Kedatangan Mbah Kung ke Lubuklinggau tidak dalam kapasitas migrasi pada umumnya. Mbah Kung merantau dengan membawa misi kepesantrenan. Ia bercita-cita di Kabupaten Musirawas waktu itu akan tumbuh pesantren-pesantren. Dengan pesantrenlah, masyarakat akan membangun budaya sesuai dengan cita-cita Islam. Masyarakat yang damai dan selamat dunia dan akhirat.
Tentu, misi tersebut memerlukan strategi yang jitu. Strategi pertama adalah merangkul masyarakat. Meskipun Mbah Kung orang Jawa tapi semua warga masyarakat sudah dianggap saudara.
Membangun Perangkat Perangkat
Membangun Pondok Pesantren Al Furqon sudah dipersiapkan oleh Mbah Kung dari jauh-jauh hari. Persiapan pertama adalah putera-puteranya. Memang, tidak semua putera-puteri Mbah Kung mesantren, tapi memiliki peran penting masing-masing. Putera-puteri yang pertama diorientasikan menjadi pegawai negeri. Dengan mengabdi pada pemerintah diharapkan akan menjadi sesepuh yang bisa mengayomi adik-adiknya.
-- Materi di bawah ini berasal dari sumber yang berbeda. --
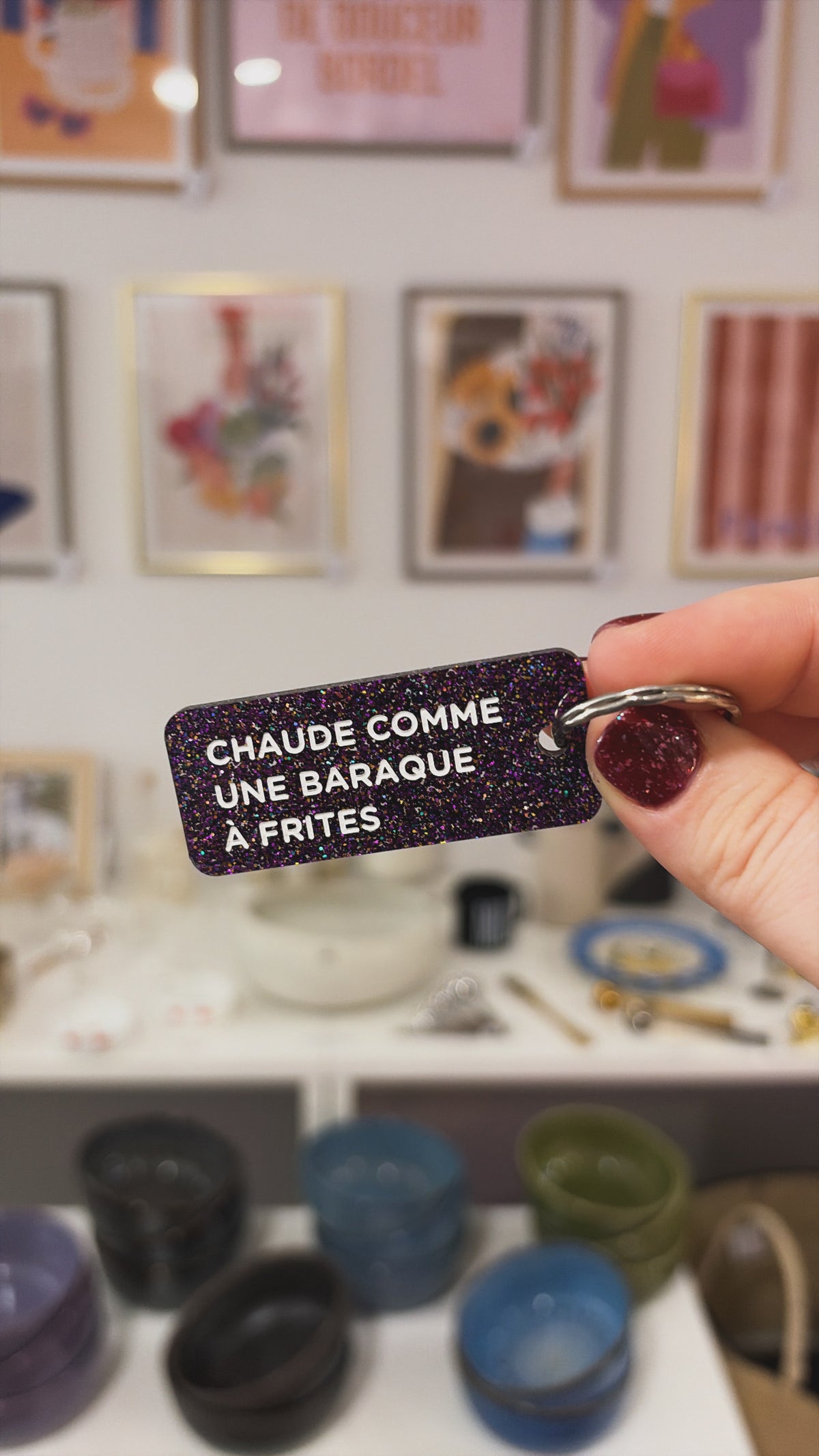 Porte-clé paillette - différentes phrases disponibles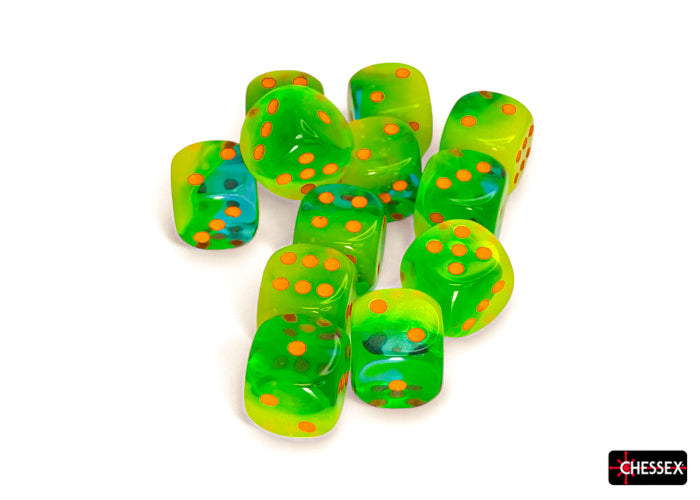 Chessex Gemini: 16MM D6 Plasma Green-Teal/Orange (12)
Karena, sudah dianggap mapan dari segi ekonomi. Anak ketiga dari Mbah Kung memiliki visi membangun ekonomi keluarga. Membangun pesantren dibantu oleh kakak-kakaknya.
![](https://net26.id/wp-content/uploads/2022/06/IMG_20220616_201854-1-scaled.jpg)
Visi Mbah Kung seperti tokoh-tokoh Pandawa Lima. Anak-anak terakhir Mbah Kung memiliki orientasi keilmuan pesantren. Tentu, sesuai dengan kapasitas dan kemampuan masing-masing. Tidak perlu ada target yang muluk-muluk. Pondok Pesantren Al Furqon Lubuklinggau tumbuh secara alami.
Teladan pada Mbah Kung adalah sosok santri yang taat pada fiqh. Mbah Kung adalah santri langsung KH Djazuli Usman Plosomojo, Kediri, yang ahli gramatika bahasa Arab juga seorang faqih. Kekokohan Mbah Kung pada fiqh inilah yang menjadi pondasi Pondok Pesantren Al Furqon yang akan diteruskan oleh anak-anak dan cucu-cucunya sebagai perangkat-perangkat dan tiang-tiangnya.